Considering the widespread risk of data breaches afflicting all American industries and public institutions, the groups outlined for the FTC four key principles that should govern any federal data security and breach notification policy:
1) Establish Uniform Nationwide Law -- With a patchwork of inconsistent breach laws in effect throughout the different states, there is no reason to enact federal legislation in this area unless it preempts the existing laws to establish a uniform, nationwide standard so that every business and consumer knows the singular rules of the road. One federal law applying to all breached entities would ensure clear, concise and consistent notices to all affected consumers regardless of where they live or where the breach occurs.
2) Promote Reasonable Data Security Standards -- Data security requirements applicable to a broad array of U.S. businesses should be based on a standard of reasonableness. A reasonable data security standard, consistent with federal consumer protection laws applicable to businesses of all types and sizes, would allow the right degree of flexibility while giving businesses the appropriate level of guidance they need to comply.
3) Maintain Appropriate FTC Enforcement Regime -- Federal agencies should not be granted overly-punitive enforcement authority that exceeds current legal frameworks.

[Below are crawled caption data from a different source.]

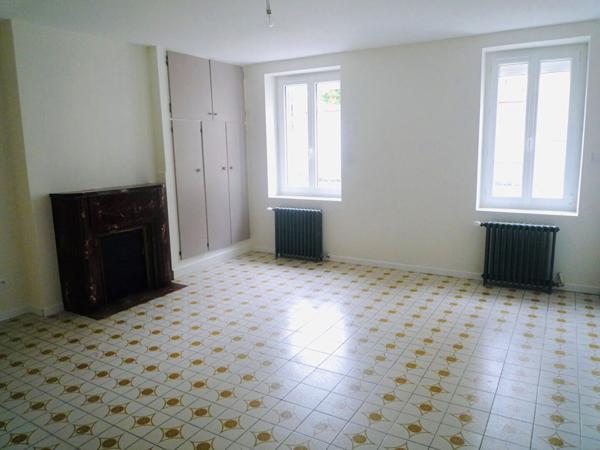 MAISON A VENDRE A ROMORANTIN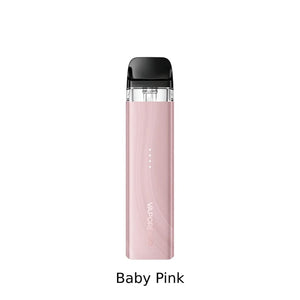 Vaporesso XROS SE Pod Kit (CRC) Baby Pink Pod Systems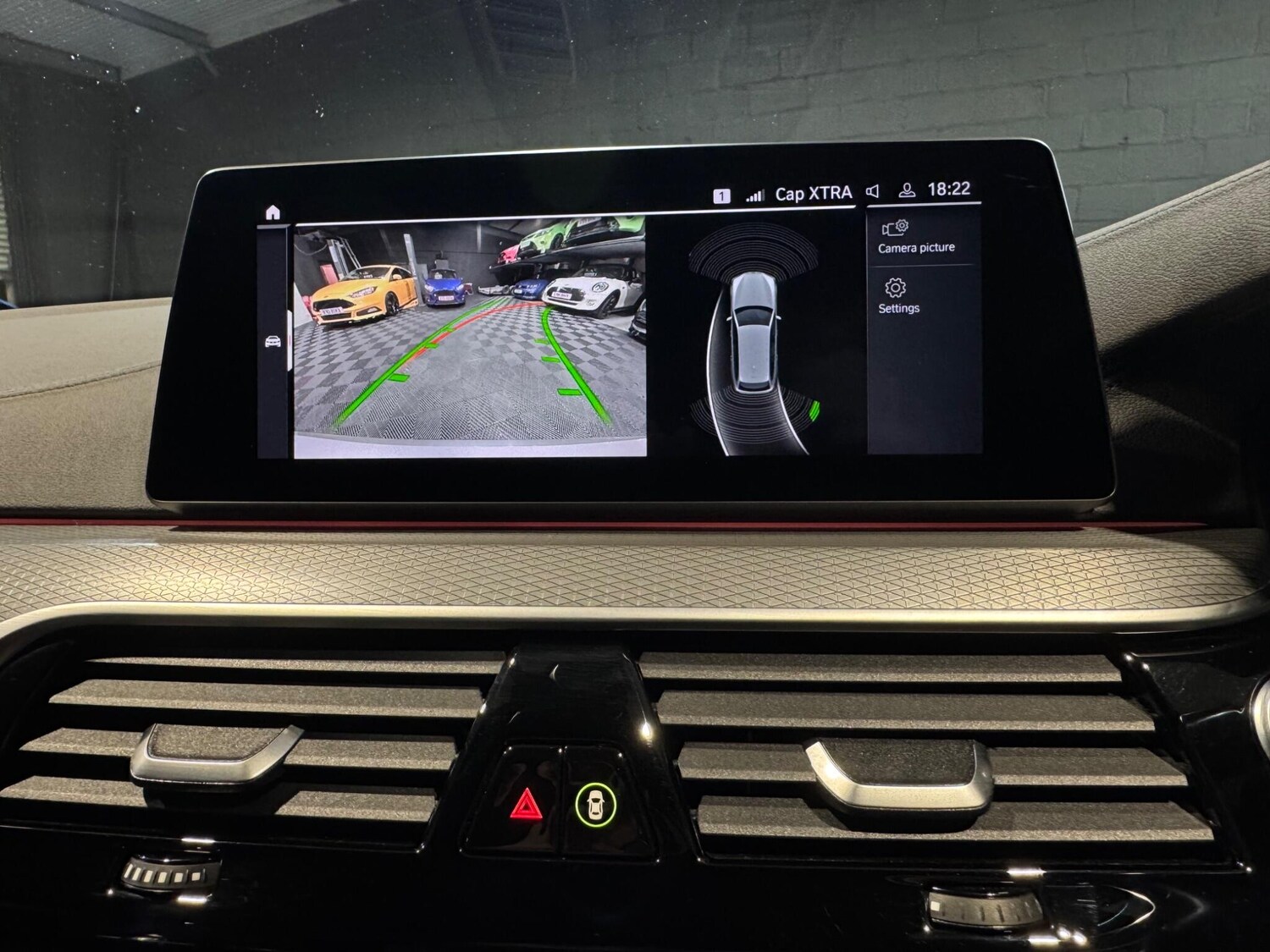 Used BMW 5 Series for sale - 77484367: Photo 45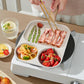 3-in-1 Marble Non-stick Frying Pan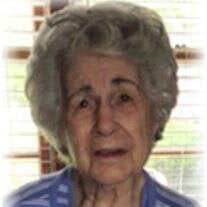 Elizabeth O. James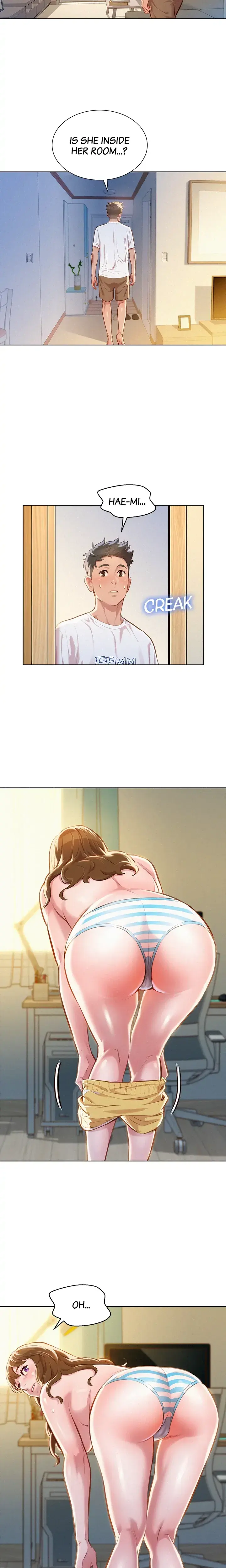 What Do You Take Me For Chapter 59 - Page 17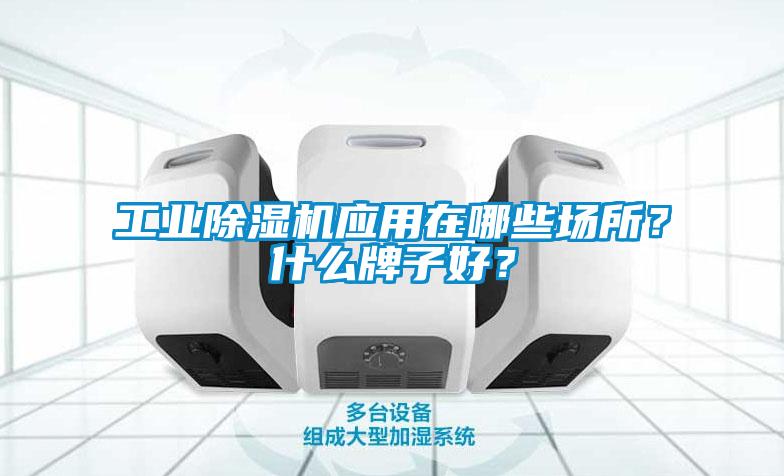 工業(yè)除濕機(jī)應(yīng)用在哪些場(chǎng)所？什么牌子好？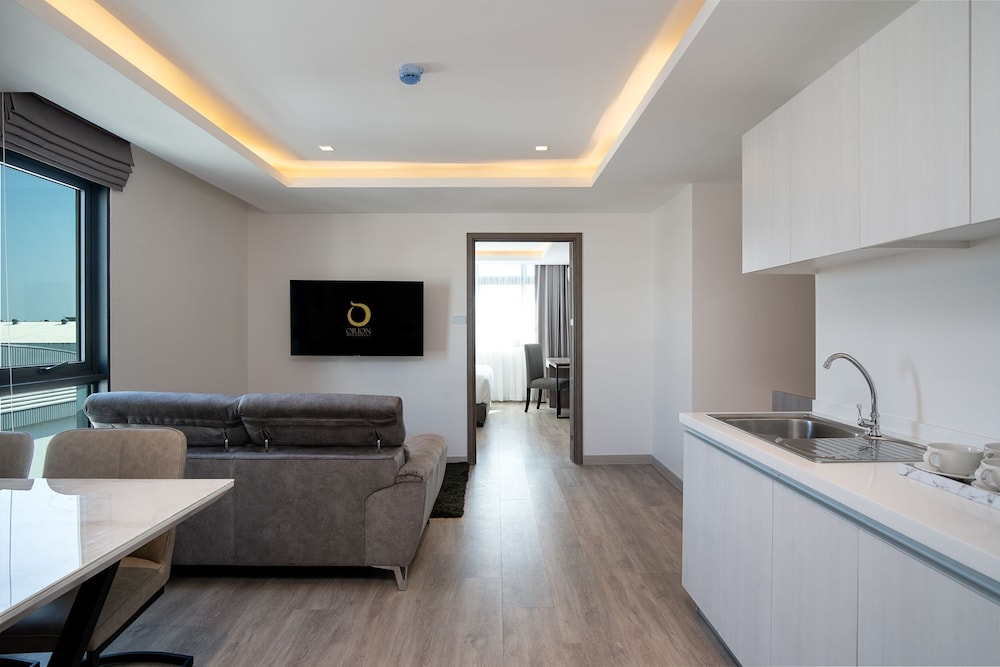 ORION Hotel and Residence Bangkok 29/50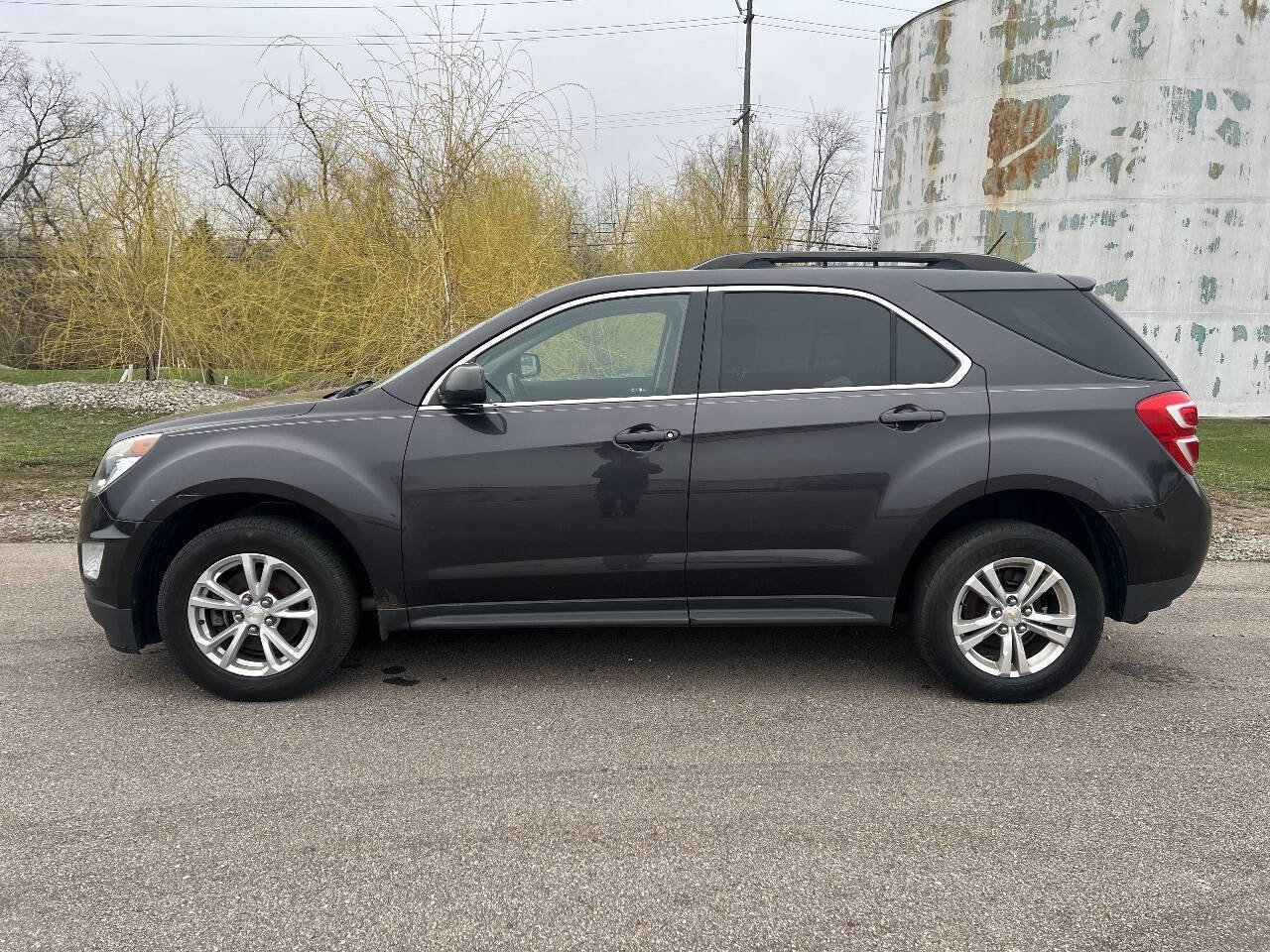 Used 2016 Chevrolet Equinox LT w/ Convenience Package image 5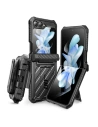Wholesale Supcase Unicorn Beetle Pro Samsung Galaxy Z Flip 5 Black - SPC370 - {ean13} - Hurt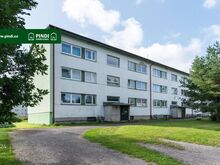 3 tuba- hea maja ja praktiline planeering! UUS OBJEKT!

4) Ensure All Breached Entities Have Notice Obligations -- Businesses in every affected industry sector should have an obligation to notify consumers when they suffer a breach of sensitive personal information that creates a risk of identity theft or financial harm. Informing the public of breaches can help consumers take steps to protect themselves from potential harm. It also creates greater incentives for all businesses handling sensitive personal information to improve their data security practices. Creating exemptions for particular industry sectors or allowing breached entities to shift their notification burdens onto others -- as some in the financial services sector have proposed -- will weaken the effectiveness of federal policy, undermine consumer confidence, ignore the scope of the problem, and create loopholes that criminals can exploit.